Nala menunduk. Menatap gundukan tanah yang basah setelah dia menyiraminya dengan air. "Jangan khawatir, Ibu juga baik-baik saja. Dia terkadang bercerita, kalau dia merindukan Bibi Kana. Merindukan saat-saat kalian berbincang bersama."
"Yah, walau terkadang Ibu berbohong tentang kesehatannya sendiri. Aku pernah melihat, ibuku terbatuk setelah makan malam. Ada darah di telapak tangannya. Aku berpura-pura seakan tidak melihatnya. Bahkan, ketika ibuku mendorong kursi rodanya pergi untuk mencuci tangan, matanya tidak bisa bohong."
Nala tersenyum saat jemarinya memainkan kelopak bunga di atas gundukan tanah. "Maaf, Bibi Kana. Aku belum bisa membawa Azda datang untuk berkunjung. Tetapi jangan khawatir, jauh di lubuk hatinya dia pasti mendoakan ibunya."
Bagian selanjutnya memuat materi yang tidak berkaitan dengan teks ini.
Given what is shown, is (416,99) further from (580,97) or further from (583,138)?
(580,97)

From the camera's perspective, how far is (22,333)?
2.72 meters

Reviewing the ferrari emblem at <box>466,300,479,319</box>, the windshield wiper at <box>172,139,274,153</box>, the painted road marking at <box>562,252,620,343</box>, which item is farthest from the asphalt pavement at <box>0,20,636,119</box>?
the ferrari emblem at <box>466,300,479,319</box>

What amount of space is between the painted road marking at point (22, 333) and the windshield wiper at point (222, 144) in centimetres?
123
Kepala Nala menengadah, memandang gumpalan awan yang bergerak seperti kapas putih di lautan biru bernama langit dengan mata berkabut. Dia tidak tahu mengapa dia ingin menangis sekarang. Mungkin, sepinya suasana atau hembusan angin yang mengetuk kulitnya, atau mungkin pedih di hati yang tak bisa ia jelaskan.
"Aku minta maaf,"
Nala berbisik pelan. "Jika, aku tidak bisa menjadi istri yang baik. Aku belajar memasak, beberapa kali di akhir pekan ikut kelas memasak. Rasanya menyenangkan. Dan mungkin, masakan yang kubuat tidak bisa menyenangkan hati suamiku."
Kedua mata Nala mengerjap. "Aku payah, kan?"
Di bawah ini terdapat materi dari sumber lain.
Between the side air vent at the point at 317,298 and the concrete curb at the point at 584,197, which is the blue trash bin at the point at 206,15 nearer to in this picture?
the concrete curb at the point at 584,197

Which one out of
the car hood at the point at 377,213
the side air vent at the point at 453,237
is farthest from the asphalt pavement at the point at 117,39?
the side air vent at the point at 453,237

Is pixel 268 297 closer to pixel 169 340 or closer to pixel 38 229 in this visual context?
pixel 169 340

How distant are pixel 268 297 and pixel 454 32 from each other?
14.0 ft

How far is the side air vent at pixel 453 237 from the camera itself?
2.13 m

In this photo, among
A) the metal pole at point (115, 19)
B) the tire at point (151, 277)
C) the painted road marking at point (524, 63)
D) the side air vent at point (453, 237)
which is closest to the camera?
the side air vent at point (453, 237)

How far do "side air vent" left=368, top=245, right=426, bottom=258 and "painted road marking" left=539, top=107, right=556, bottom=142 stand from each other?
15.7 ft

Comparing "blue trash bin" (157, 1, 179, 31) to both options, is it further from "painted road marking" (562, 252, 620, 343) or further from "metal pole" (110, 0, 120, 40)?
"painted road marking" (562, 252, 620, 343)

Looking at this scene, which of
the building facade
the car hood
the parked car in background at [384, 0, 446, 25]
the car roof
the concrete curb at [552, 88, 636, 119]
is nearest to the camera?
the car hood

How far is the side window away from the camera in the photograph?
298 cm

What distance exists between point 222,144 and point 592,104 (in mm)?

Kepalanya tertunduk. Menatap kedua jemarinya yang saling bertaut satu sama lain.
"Bibi Kana tidak perlu memikirkannya. Tidak hanya Azda yang bilang masakanku buruk. Orang-orang di rumah juga berkata hal yang sama. Lebih baik, orang gila yang memasak dibanding aku."
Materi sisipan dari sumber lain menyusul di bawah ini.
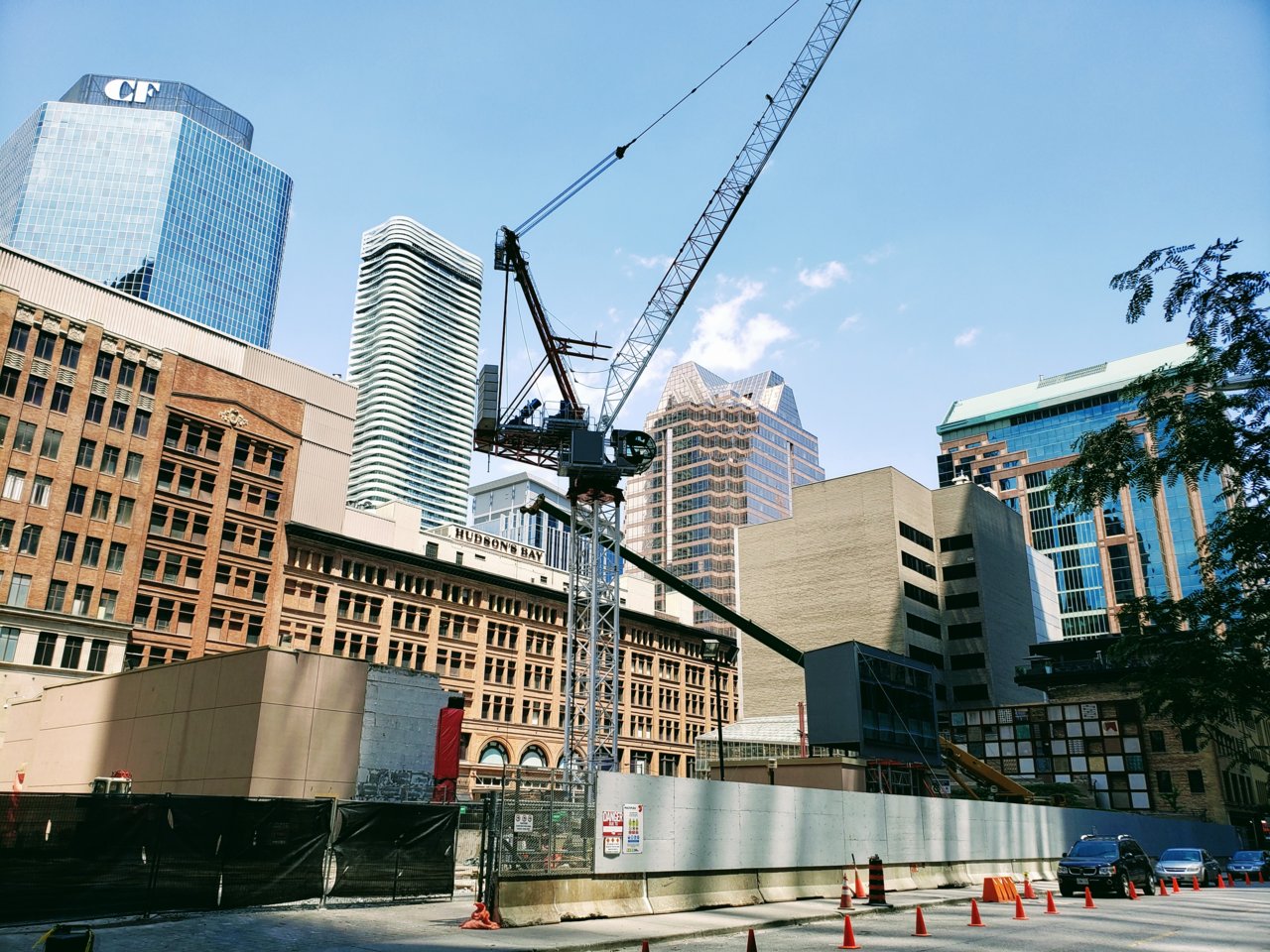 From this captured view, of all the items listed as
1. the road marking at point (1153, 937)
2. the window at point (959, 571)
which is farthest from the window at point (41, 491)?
the window at point (959, 571)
Nala mendengus. "Hanya Argi yang terkadang mau menghabiskannya. Aku tidak tahu, apakah perutnya sakit atau dia mengalami mual-mual setelah itu," Nala tertawa pelan. "Dia benar-benar baik."
"Aku akan mengunjungimu lain kali, Bibi Kana. Sampaikan salamku pada Kakak Azka dan Paman Azri. Semoga kalian bertiga bahagia di sana."
Nala bangun dari tempat duduknya. Menatap nisan itu sekali lagi dengan senyum, kemudian berjalan pergi. Meninggalkan isi pemakaman yang sepi.
Mungkin, mereka tidak lagi ingat pada kematian yang membayang. Di saat Nala merasa hari-harinya tidak lagi sama. Di saat Nala selalu berpesan pada dirinya sendiri untuk hidup lebih baik.
Karena suatu saat nanti, kau pasti membaik.
Nanti, yang mungkin akan berakhir dengan kata tidak pernah.
Nala menunduk. Meremas tas selempangnya saat dia menggigit bibir bawahnya. Menarik napas panjang guna bertahan dan tidak terjatuh saat isi kepalanya terasa penuh.
Nala menatap jalan di sepanjang makam yang sepi. Selain ibu tua yang berjualan bunga dan air di dekat pintu masuk, yang tampaknya sedang berusaha menahan kantuk.
Langkah Nala terhenti. Ketika dia menghela napas, dan membersihkan tangga yang terbuat dari tanah dalam diam. Mendudukkan diri di sana sampai keadaan membaik. Sampai hatinya yang bergejolak mulai padam.
Dan sampai airmatanya berhenti mengalir.